Simplify Your Life, Hide Your Bookmarks Bar - agscala
http://andrewscala.com/bookmarks/

======
Dylan16807
Purging bookmarks is fine when it comes to 'sites you visit regularly', I
suppose. Slows things down a bit. But it's a terrible idea for bookmarked
references that you might only look at rarely, because now you have to fall
back to google and pray you remember enough details to get back to the same
place.

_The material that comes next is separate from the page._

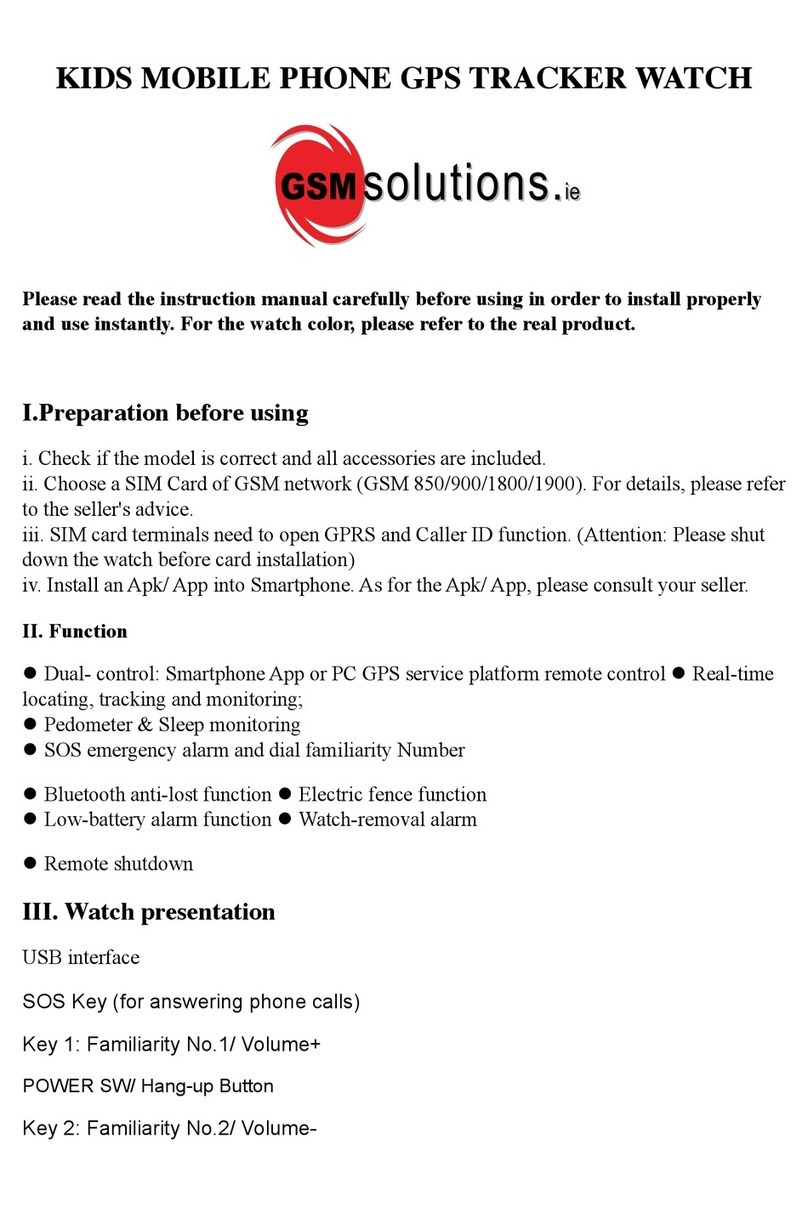 GSMsolutions KidsGPS instruction manual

Just a few days ago I spent twenty minutes finding
[http://aliciapatterson.org/stories/eurisko-computer-mind-
its...](http://aliciapatterson.org/stories/eurisko-computer-mind-its-own)
because I'd neglected to save the url anywhere.

I'll go ahead and give support for getting rid of the bookmarks _bar_ , but
that's not what the actual article is about.

------
progrock
I have a collection of bookmarks, that I haven't quite gotten around to
organising! And they span about three machines and many web browsers. In their
current state they aren't brilliantly useful for me.

I've always thought that bookmarks are a great idea. It's the bookmark
interface in the browser that sucks. I think people use tabs a substitute for
bookmarks for that reason. A tab is more in your face than a buried bookmark.
It's a visual reminder.

Turning off the bookmark bar might be a good idea, if it's full of links that
you barely touch. Would it not be a better idea to use that space for your
most visited sites, or to list your recent history, or a filtered history?

The one time the browser bookmark bar was invaluable for me was when the
keyboard broke on my computer. I could still surf the web quite well up to a
point.

It's all very well saying abandon bookmarks. But free searching requires you
knowing what you want to search for. Bookmarks can be mnemonics.

Sometimes we need prompting and/or signposting.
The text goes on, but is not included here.